I was confused with the sympy.sympify's option evaluate
I've test the following code and it works perfectly
import sympy as sp
def test(s1 = "x1 - x2*x3"):
e1 = sp.sympify(s1)
syms = sorted(e1.free_symbols, key=lambda s: s.name)
p1 = sp.Poly(e1, *syms, expand=False)
if I add the evaluate option to sp.sympify, then error occurs
bug code
import sympy as sp
def test(s1 = "x1 - x2*x3"):
e1 = sp.sympify(s1, evaluate=False)
syms = sorted(e1.free_symbols, key=lambda s: s.name)
p1 = sp.Poly(e1, *syms, expand=False)
main error message
sympy.polys.polyerrors.PolynomialError: x2*x3 contains an element of the set of generators.
I want to know why evaluate=False option caused an error in sp.Poly.

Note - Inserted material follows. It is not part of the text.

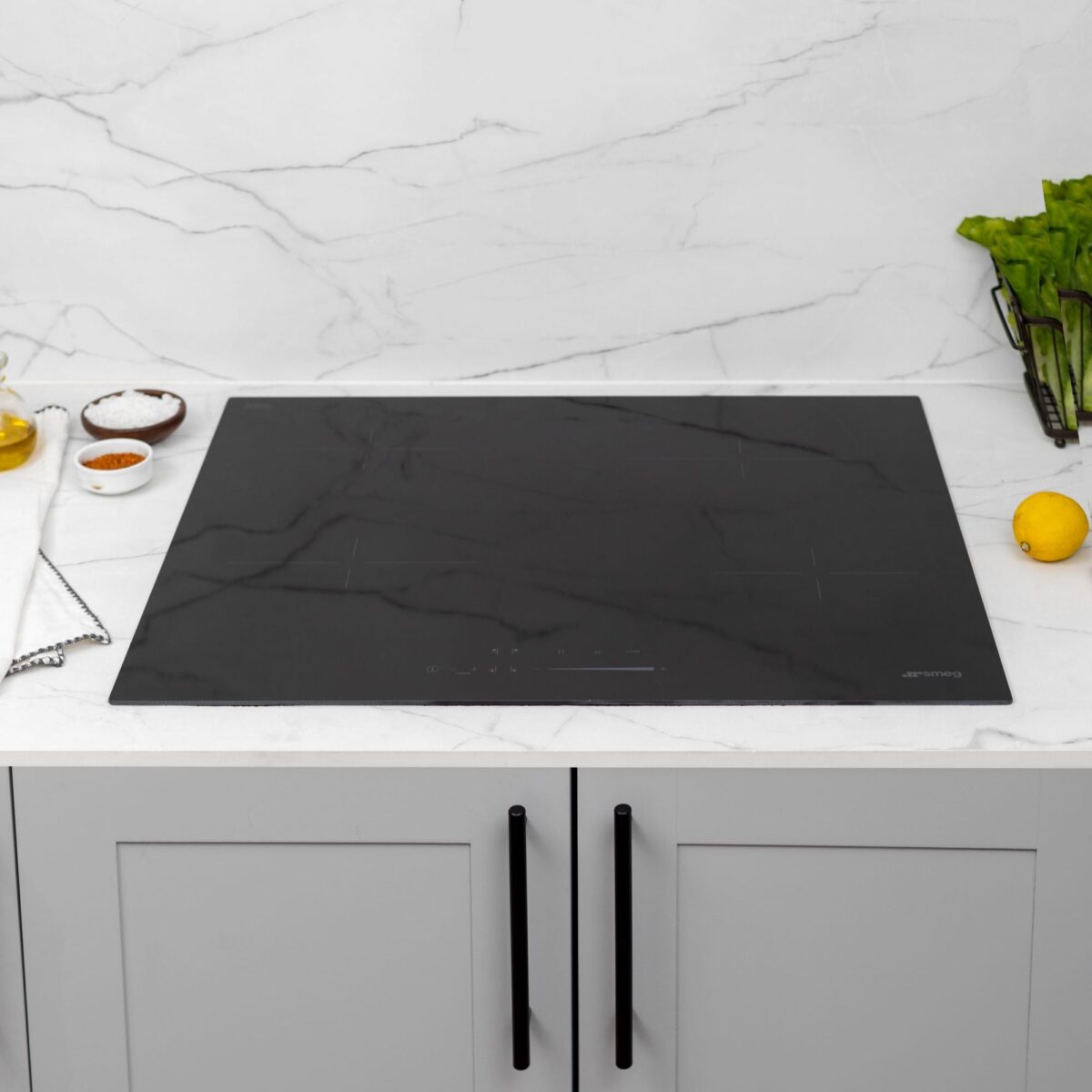 Encimera eléctrica premium Smeg SE464TD de vitrocerámica de 4 platos
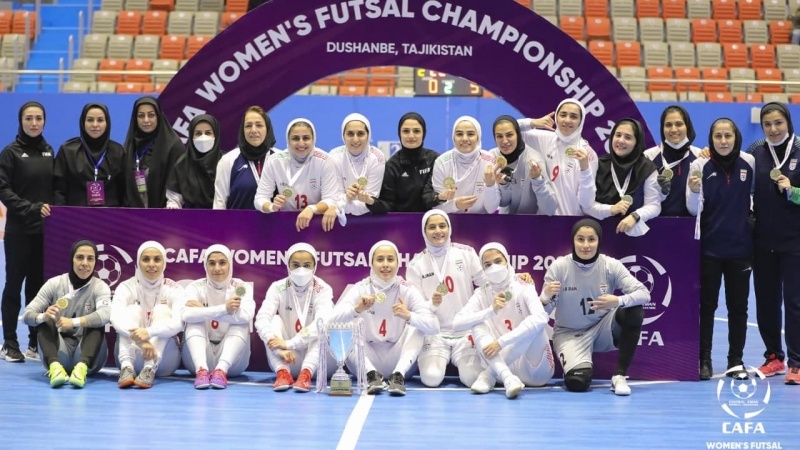 Kombëtarja iraniane fituese e Kampionatit të Futsalit për femra në garat Kafa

You have set evaluate=False which causes the expression to be not canonicalised:
In [15]: e1 = parse_expr("x1 - x2*x3")
In [16]: srepr(e1)
Out[16]: "Add(Symbol('x1'), Mul(Integer(-1), Symbol('x2'), Symbol('x3')))"

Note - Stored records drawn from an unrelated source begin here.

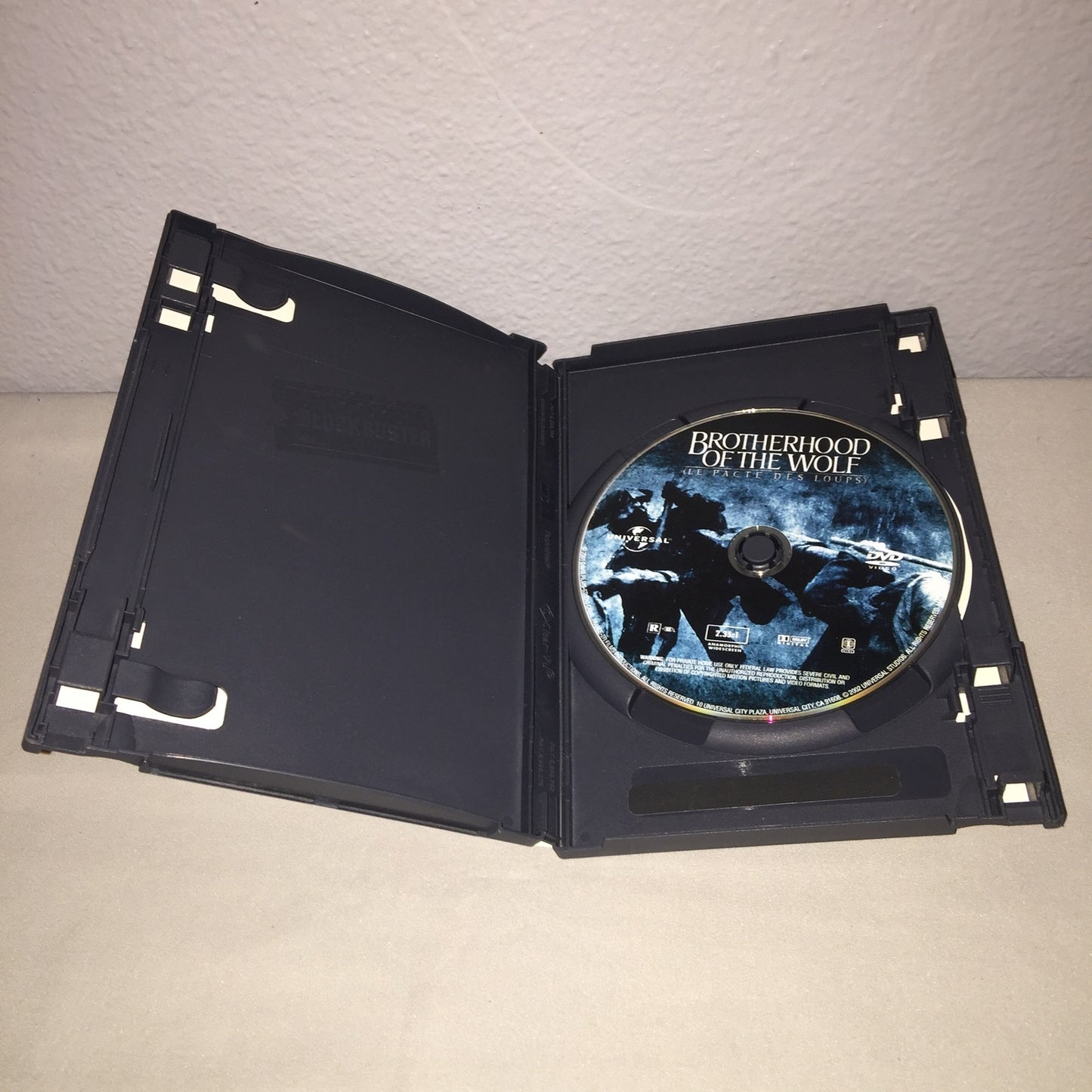 Dvd Used Brotherhood Of The Wolf Movie W Special Feats Blockbuster Pre-viewed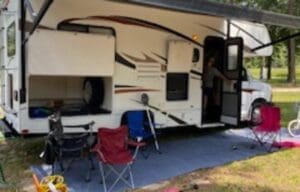 2013 Coachmen Freelander 23' Class C - Image 12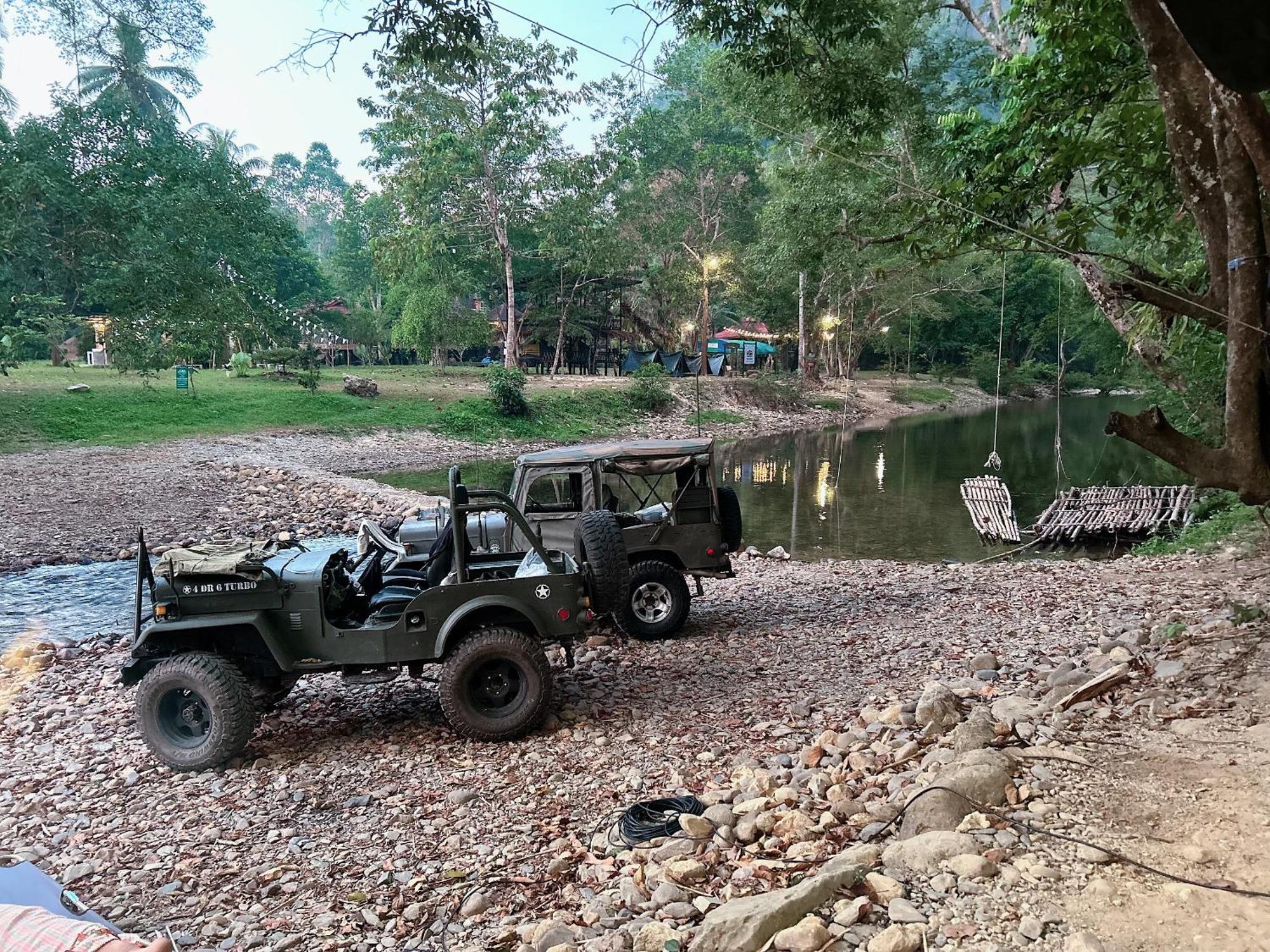 Отель Khaosok August Freedom Camp Khao Sok National Park Экстерьер фото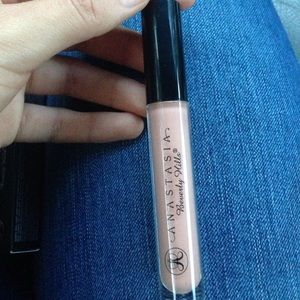 ABH Lip Gloss in Undressed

In [17]: e2 = parse_expr("x1 - x2*x3", evaluate=False)
In [18]: srepr(e2)
Out[18]: "Add(Symbol('x1'), Mul(Integer(-1), Mul(Symbol('x2'), Symbol('x3'))))"
Notice the unflattened Mul inside a Mul.
You have also set expand to False in the Poly constructor which prevents it from canonicalising the unflattened Mul:
In [22]: Poly(e2, list(e2.free_symbols))
Out[22]: Poly(-x2*x3 + x1, x2, x1, x3, domain='ZZ')
In [23]: Poly(e2, list(e2.free_symbols), expand=False)
...
PolynomialError: x2*x3 contains an element of the set of generators.
To create the Poly something needs to canonicalise the expression so you cannot have both evaluate=False and expand=False (I have no idea why you would want to combine these options).